Friday, February 10, 2012 (AM)

Press Conference by the Chief Cabinet Secretary (Excerpt)

[Provisional Translation]

Opening Statement by Chief Cabinet Secretary Fujimura

CHIEF CABINET SECRETARY FUJIMURA: I would first like to give an overview of the Cabinet meeting. The meeting approved 24 general measures, and also the promulgation of laws, draft bills, cabinet orders and personnel decisions. With regard to statements by ministers, Minister Kawabata made a statement concerning changes to the Basic Policy on Special Zones for Regional Government. The Minister of Economy, Trade and Industry made statements on the use of reserve funds for recovery and reconstruction from the Great East Japan Earthquake and on personnel affairs relating to the heads of independent administrative agencies. Minister Matsubara reported on the results of the collection of data and compilation of its analysis on consumer-related accidents. Minister Furukawa made a statement about a partial amendment to the measures relating to the discontinuation of Cabinet meetings and ministerial discussions. In ministerial discussions following the Cabinet meeting the Minister of the Environment made a statement concerning the promotion of recycling of disaster-related waste materials.

In the morning of Saturday, February 11, Prime Minister Noda is scheduled to visit Kashiwa City in Chiba Prefecture. He will be visiting a housing complex in the city that is engaged in advanced measures to deal with the issue of an aging society, including comprehensive community care, which is part of the comprehensive reform of social security and tax systems. He will engage in exchanges of opinions with the service users and other persons concerned. I believe a press sheet has been distributed about this visit.


REPORTER: The Reconstruction Agency will be inaugurated today. While there are expectations that the new agency will promote reconstruction, there are likewise concerns about whether the agency will really be able to overcome vertical department-based structures in government and actually accelerate reconstruction efforts. What is the Government's response to such concerns?

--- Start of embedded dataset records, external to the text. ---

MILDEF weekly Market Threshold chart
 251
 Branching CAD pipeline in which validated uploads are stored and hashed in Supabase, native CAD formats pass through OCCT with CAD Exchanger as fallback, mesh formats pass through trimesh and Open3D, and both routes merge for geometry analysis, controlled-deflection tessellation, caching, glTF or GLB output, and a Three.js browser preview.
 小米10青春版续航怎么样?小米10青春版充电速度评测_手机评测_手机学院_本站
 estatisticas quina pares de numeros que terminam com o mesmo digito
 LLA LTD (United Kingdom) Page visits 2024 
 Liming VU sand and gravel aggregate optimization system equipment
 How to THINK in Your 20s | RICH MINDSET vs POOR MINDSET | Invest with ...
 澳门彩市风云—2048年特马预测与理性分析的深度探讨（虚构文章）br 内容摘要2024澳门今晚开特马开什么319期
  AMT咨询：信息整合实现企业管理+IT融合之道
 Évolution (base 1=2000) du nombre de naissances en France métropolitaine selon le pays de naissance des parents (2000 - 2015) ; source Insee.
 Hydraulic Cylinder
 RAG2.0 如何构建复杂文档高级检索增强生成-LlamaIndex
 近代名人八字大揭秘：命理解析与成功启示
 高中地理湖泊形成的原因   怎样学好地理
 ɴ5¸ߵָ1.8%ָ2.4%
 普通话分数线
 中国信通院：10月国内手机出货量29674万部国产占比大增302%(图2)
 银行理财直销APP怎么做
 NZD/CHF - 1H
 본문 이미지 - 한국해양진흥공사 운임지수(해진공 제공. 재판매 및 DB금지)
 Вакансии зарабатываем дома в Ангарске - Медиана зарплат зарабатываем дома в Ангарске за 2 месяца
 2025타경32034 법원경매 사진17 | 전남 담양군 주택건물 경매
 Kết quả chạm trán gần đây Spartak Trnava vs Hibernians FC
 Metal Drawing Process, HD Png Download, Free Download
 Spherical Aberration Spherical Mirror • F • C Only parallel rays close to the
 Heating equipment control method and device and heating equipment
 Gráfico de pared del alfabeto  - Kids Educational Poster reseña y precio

CHIEF CABINET SECRETARY FUJIMURA: I believe I mentioned yesterday too that the Reconstruction Agency will be inaugurated today. A structure consisting of regional bureaus and offices beneath the bureaus is also in place and various laws have also been passed, so I believe that with the structure, to borrow the words of the Prime Minister, we will be able to "speed up" full-fledged reconstruction. In addition, every effort will be made to ensure that the local reconstruction bureaus can provide a one-stop service to users, as we aim to provide a service that will be useful for local residents and will make them happy.

REPORTER: In ministerial discussions following the Cabinet meeting, did the Prime Minister make any statement or give any instructions concerning the inauguration of the Reconstruction Agency?

CHIEF CABINET SECRETARY FUJIMURA: Today it was noted that Minister Hirano will serve as Minister for Reconstruction and in the ministerial discussions following the Cabinet meeting he received words of encouragement from Cabinet colleagues.


REPORTER: Yesterday it was discovered that China is continuing its drilling in the gas fields of the East China Sea. What is the Government's view of these actions and how do you intend to respond?

CHIEF CABINET SECRETARY FUJIMURA: There have been a number of photographs distributed by press organizations of the area, and as it has been confirmed that since September 2005 flares from drilling platforms have been seen in the Kashi gas field in the seas to the west of the central demarcation line between China and Japan, there is a high possibility that production operations are underway. In response to these actions the Government of Japan has issued a series of protests to the Chinese government, emphasizing that unilateral development cannot be sanctioned given a situation in which border demarcations have yet to be agreed. Our recognition is that the governments of Japan and China have agreed to engage in  cooperation in the East China Sea on the basis that it is a "Sea of peace, cooperation and friendship", and it is therefore regrettable that a situation has arisen that goes against the spirit of such cooperation. That is the Government's stance and recognition of the issue.

REPORTER: What is the outlook for restarting consultations with China concerning the gas fields?

CHIEF CABINET SECRETARY FUJIMURA: With regard to the handling of the demarcation of the East China Sea, excluding the areas of maritime demarcations which reached the agreement in June 2008, the positions of the Japanese and Chinese governments have yet to converge. We have therefore continued to make repeated approaches to China seeking assurances that it will not engage in unilateral development, while at the same time urging inter-governmental consultations at an early juncture.